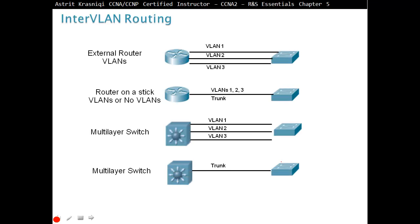InterVLAN routing review: The legacy method used external routers where each interface was dedicated to an individual VLAN — no bottleneck, but not scalable. Router-on-a-stick uses a single interface with subinterfaces for all VLANs — scalable, but has a bandwidth bottleneck. Multi-layer switching creates virtual interfaces for each VLAN — no bottleneck and scalable. The link between a Layer 2 switch and a Layer 3 switch should be configured as trunking.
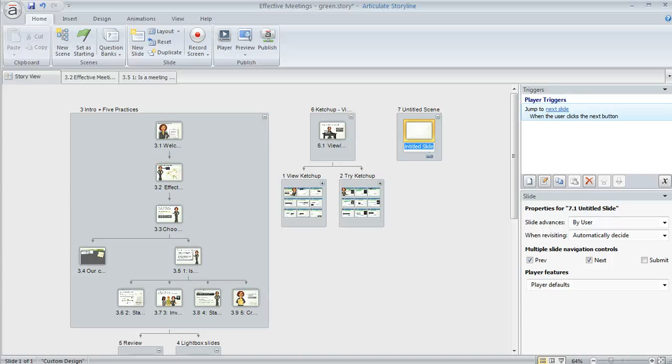So that's a little bit about some of the things that you can do in Storyview in Articulate Storyline.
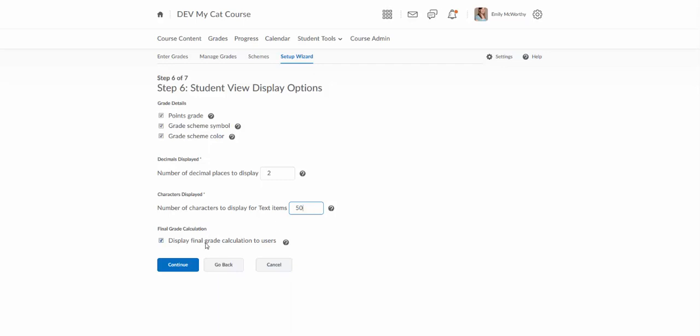The last one there display final grade calculation to users. What this one will do is show them all the assignments that go into that final or cumulative grade.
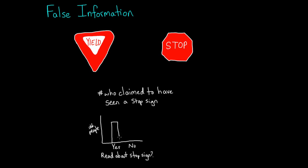People who got this description were more likely to report they'd actually seen a stop sign in the video than people who didn't get this description.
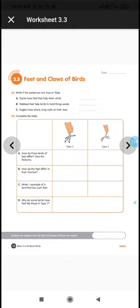Complete worksheet 3.3 and also finish the practice questions on page 21. I will check these in our online class. Thank you, children.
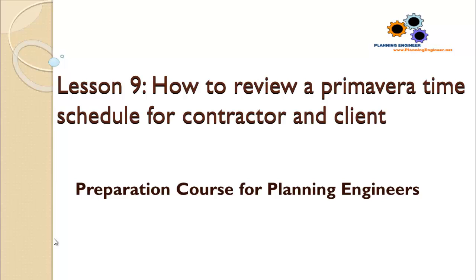Assalamualaikum warahmatullahi wabarakatuh. This is lesson number nine: how to review a Primavera time schedule for a contractor and client.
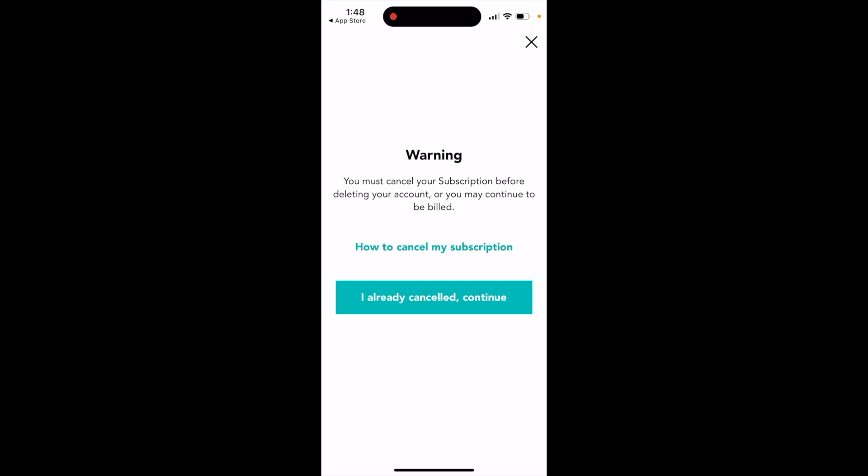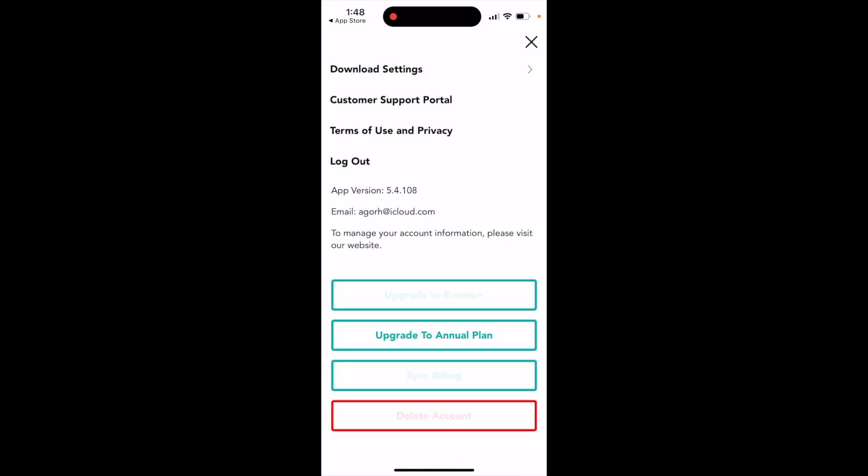You must cancel your subscription before deleting your account or you may continue to be billed. So if you don't cancel your subscription and just delete the app, you will be billed. So just do that through the settings, and once you've done that, you can delete your account easily.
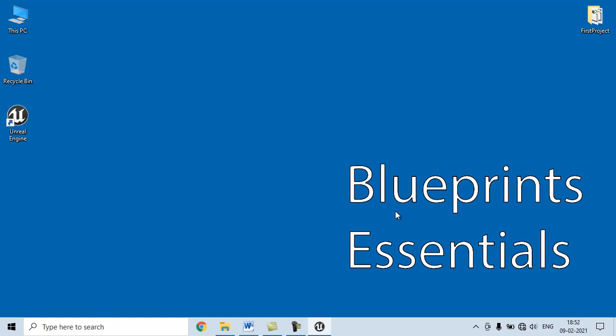In the upcoming video tutorials, we are going to discuss more about Unreal Engine Blueprints step-by-step. If you like this video, hit the like button and share with your friends so that everyone will benefit. For more benefits and to be up to date,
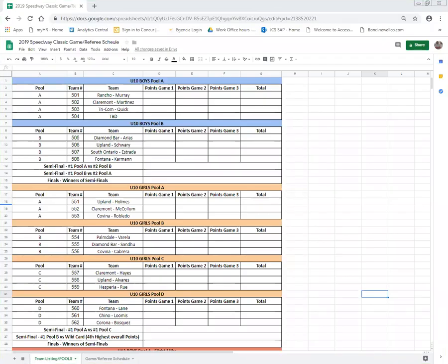Hello and thank you for choosing the 2019 Speedway Classic Tournament. We're very proud that this is our 10th year of our tournament and we are extremely excited for each of you and your team to participate this coming weekend.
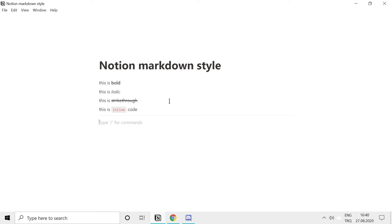And now we will talk about block styling in Notion. There are different kinds of things you can do also with markdown. You can type in an asterisk, a plus sign, or a minus sign or a hyphen for creating a bullet list.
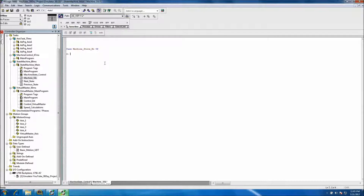We'll start adding our IFs. So this would be IF NOT — and this would be the SSL. First we want to do our e-stop.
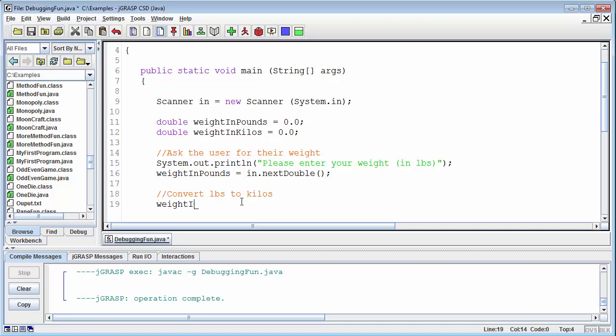So we can do that by saying take the weight in pounds. Well yeah we are taking the weight in pounds, so what are we doing to it? Well we're going to multiply it by that number right? But where are we going to store that? Well we're going to store it in weight in kilos. So weight in kilos is going to be equal to the weight in pounds times 0.453592.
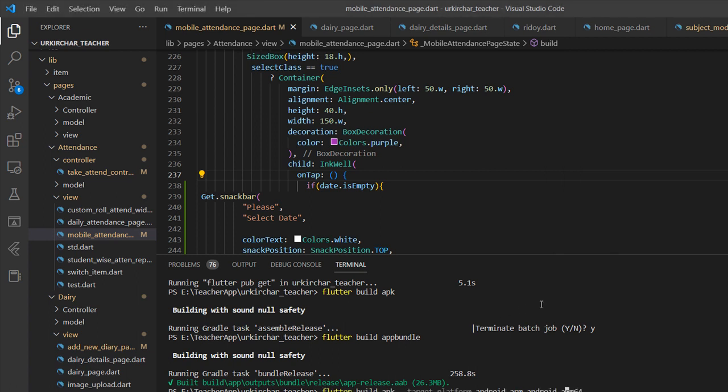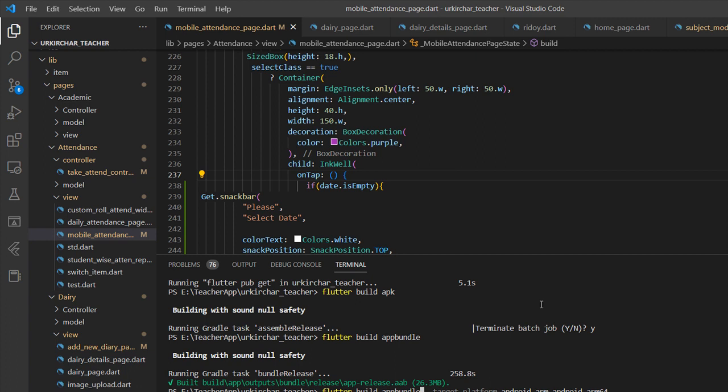This is the command. And I write app bundle and hit enter.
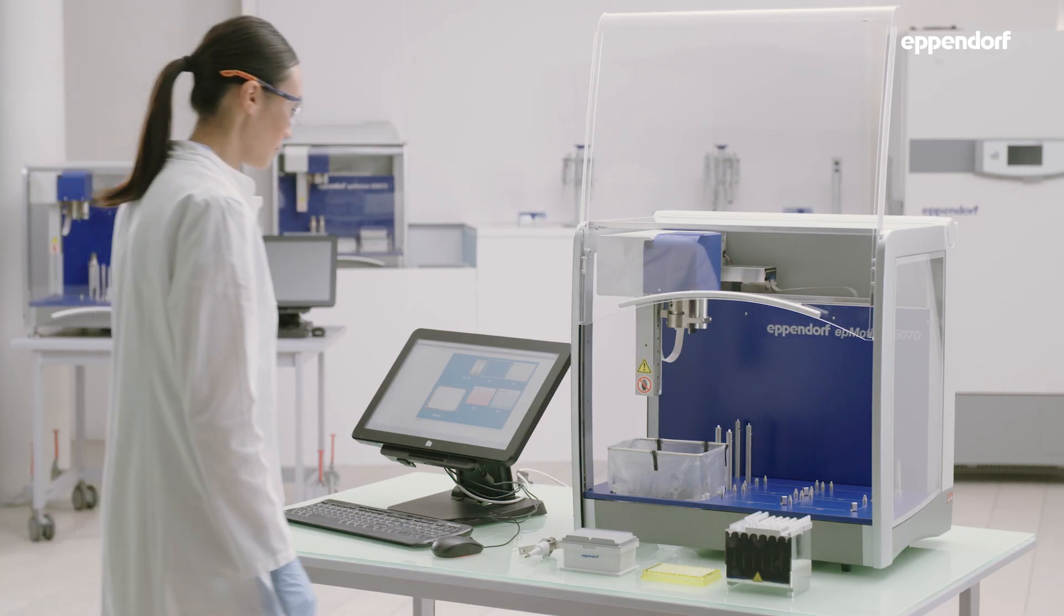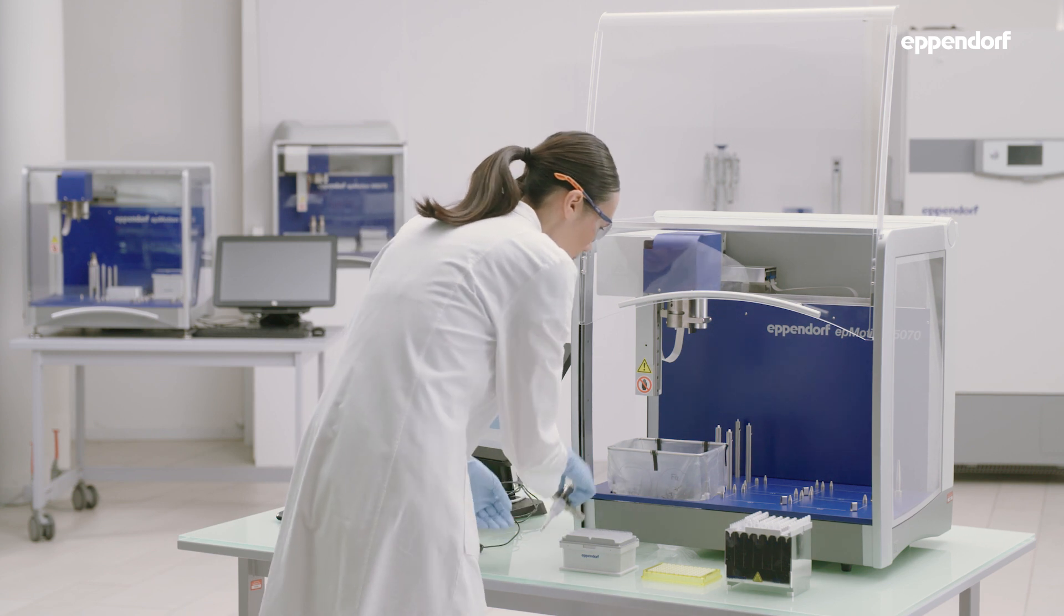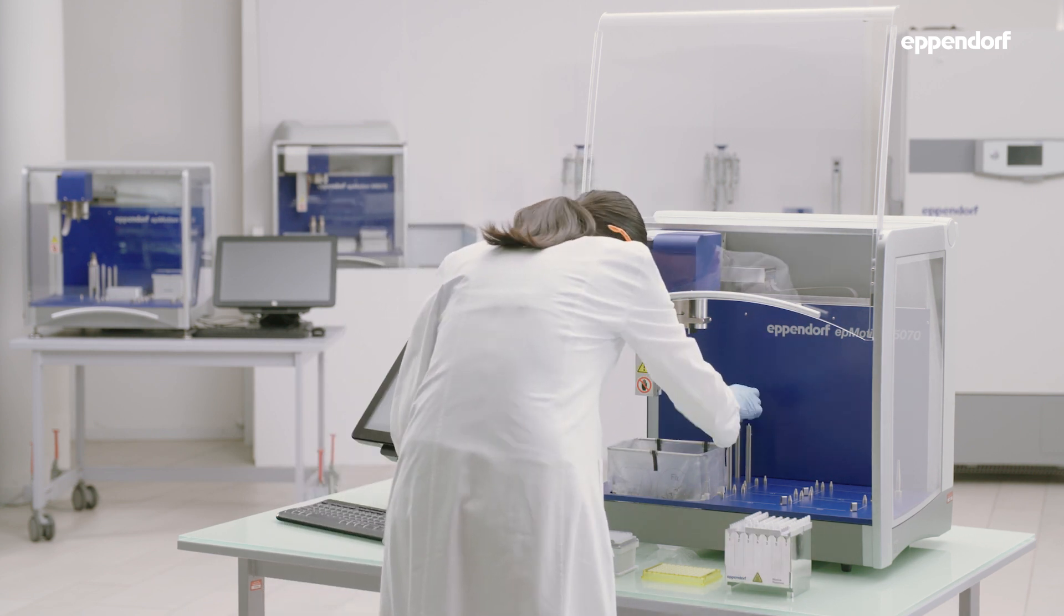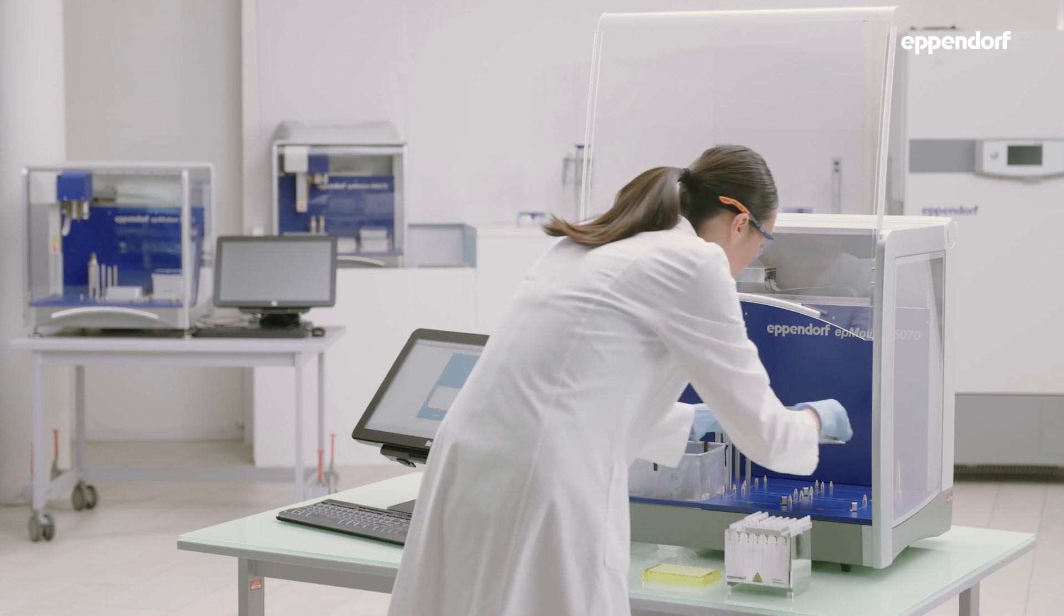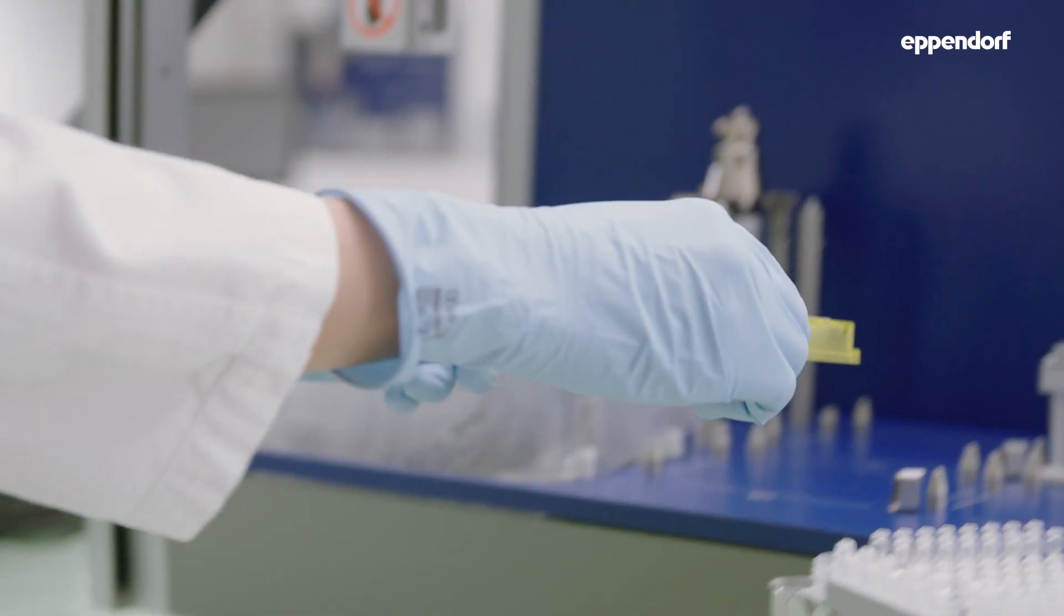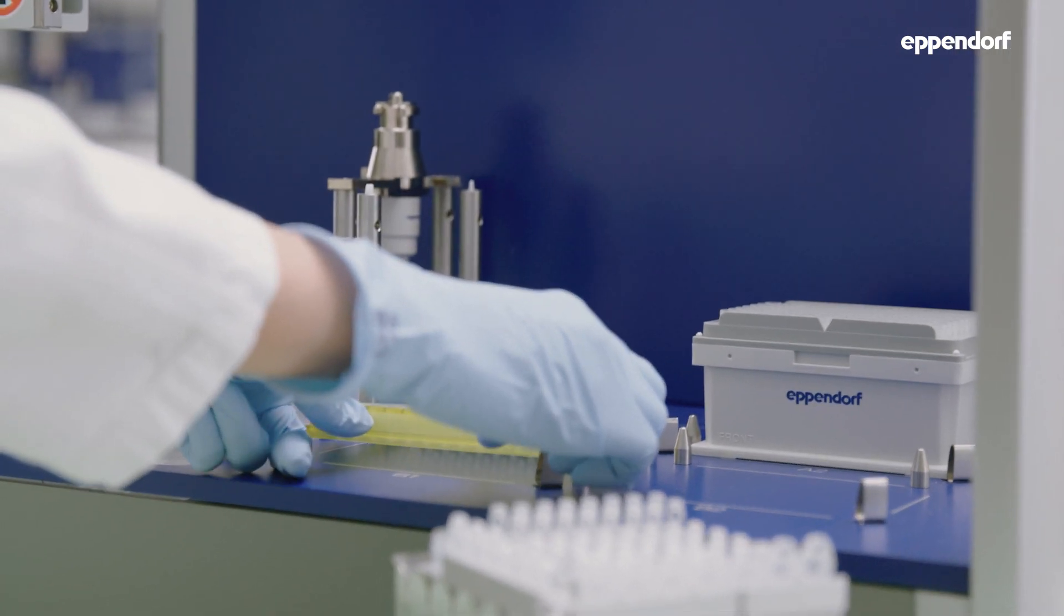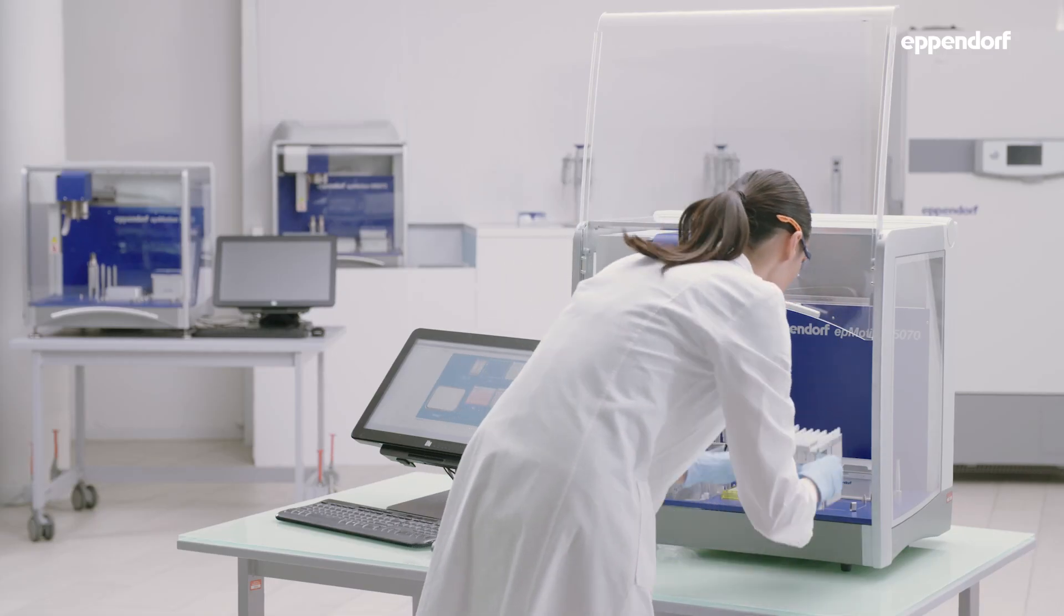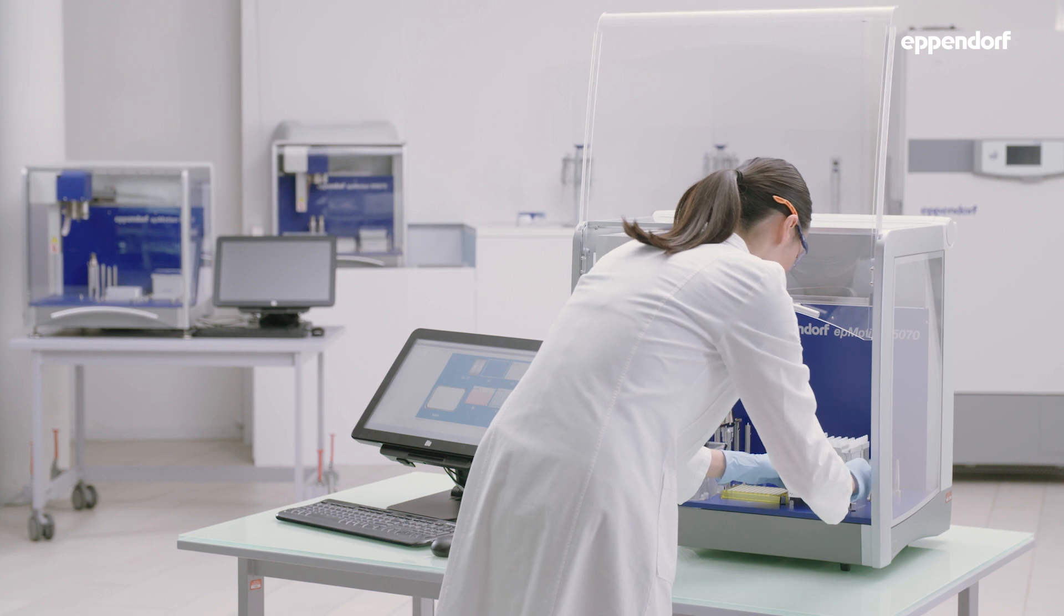In this tutorial, a single channel pipetting tool with a volume range of 1 to 50 microliters is used. It is placed on the deck. The tips that correspond with the pipetting tool being used, a 96-well PCR plate, reservoir rack for your PCR master mix and finally your samples and controls are also positioned on the deck.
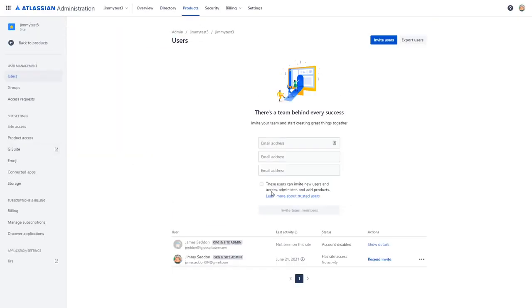Once here, let's first note that we have two organization and site administrators, one of which has been disabled. This is the user we're going to remove.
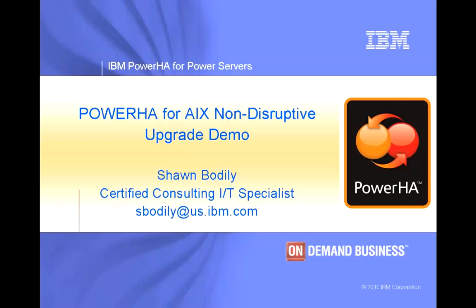Hi, my name is Sean Bodley with IBM. I'm part of the Power Advanced Technical Skills Team and I'm located out of Dallas, Texas.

---------------

=== Requirement ===
If a record holds a picture, leave the picture out and print everything else exactly.

=== Problem solution ===
InterVLAN routing review: The legacy method used external routers where each interface was dedicated to an individual VLAN — no bottleneck, but not scalable. Router-on-a-stick uses a single interface with subinterfaces for all VLANs — scalable, but has a bandwidth bottleneck. Multi-layer switching creates virtual interfaces for each VLAN — no bottleneck and scalable. The link between a Layer 2 switch and a Layer 3 switch should be configured as trunking.
So that's a little bit about some of the things that you can do in Storyview in Articulate Storyline.
The last one there display final grade calculation to users. What this one will do is show them all the assignments that go into that final or cumulative grade.
People who got this description were more likely to report they'd actually seen a stop sign in the video than people who didn't get this description.
Complete worksheet 3.3 and also finish the practice questions on page 21. I will check these in our online class. Thank you, children.
Assalamualaikum warahmatullahi wabarakatuh. This is lesson number nine: how to review a Primavera time schedule for a contractor and client.
You must cancel your subscription before deleting your account or you may continue to be billed. So if you don't cancel your subscription and just delete the app, you will be billed. So just do that through the settings, and once you've done that, you can delete your account easily.
In the upcoming video tutorials, we are going to discuss more about Unreal Engine Blueprints step-by-step. If you like this video, hit the like button and share with your friends so that everyone will benefit. For more benefits and to be up to date,
Hello and thank you for choosing the 2019 Speedway Classic Tournament. We're very proud that this is our 10th year of our tournament and we are extremely excited for each of you and your team to participate this coming weekend.
And now we will talk about block styling in Notion. There are different kinds of things you can do also with markdown. You can type in an asterisk, a plus sign, or a minus sign or a hyphen for creating a bullet list.
We'll start adding our IFs. So this would be IF NOT — and this would be the SSL. First we want to do our e-stop.
So we can do that by saying take the weight in pounds. Well yeah we are taking the weight in pounds, so what are we doing to it? Well we're going to multiply it by that number right? But where are we going to store that? Well we're going to store it in weight in kilos. So weight in kilos is going to be equal to the weight in pounds times 0.453592.
This is the command. And I write app bundle and hit enter.
In this tutorial, a single channel pipetting tool with a volume range of 1 to 50 microliters is used. It is placed on the deck. The tips that correspond with the pipetting tool being used, a 96-well PCR plate, reservoir rack for your PCR master mix and finally your samples and controls are also positioned on the deck.
Once here, let's first note that we have two organization and site administrators, one of which has been disabled. This is the user we're going to remove.
Hi, my name is Sean Bodley with IBM. I'm part of the Power Advanced Technical Skills Team and I'm located out of Dallas, Texas.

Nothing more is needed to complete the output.